L’umidità nella vetroresina è il segnale, chiaro e inequivocabile, di un potenziale problema di osmosi – anche allo stato iniziale – e, come accade anche nel legno, di una perdita di resistenza alla fatica con diminuzione del carico di rottura.
Con appositi strumenti è possibile individuare i valori che si riferiscono alla reale presenza di acqua nella vetroresina e in quali percentuali.
La vetroresina ha permesso lo sviluppo mondiale della nautica da diporto, soppiantando per facilità di costruzione, economicità e ridotta manutenzione, moltissimi altri materiali. Deve essere lavorata con professionalità, rispettando i dettami tecnici di buoni progetti, ristrutturazioni corrette, rispetto dei processi di miscelazione, stratificazione, temperature ed è un materiale che non deve contenere alcuna umidità.

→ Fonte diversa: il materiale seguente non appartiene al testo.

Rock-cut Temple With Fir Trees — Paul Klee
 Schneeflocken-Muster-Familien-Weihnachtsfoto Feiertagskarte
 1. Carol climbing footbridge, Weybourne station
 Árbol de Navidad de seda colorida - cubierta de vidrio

Quando durante la costruzione non si verifica una buona catalizzazione del poliestere, o il poliestere utilizzato non è idoneo per lo scopo specifico, l’umidità infiltrandosi nel gel-coat va a formare un liquido viscoso, con forte odore acetico, che l’acqua del mare, e ancor di più l’acqua dolce, diluisce ulteriormente e, aumentandone il volume, dà luogo alle purtroppo ben conosciute bolle sulla carena.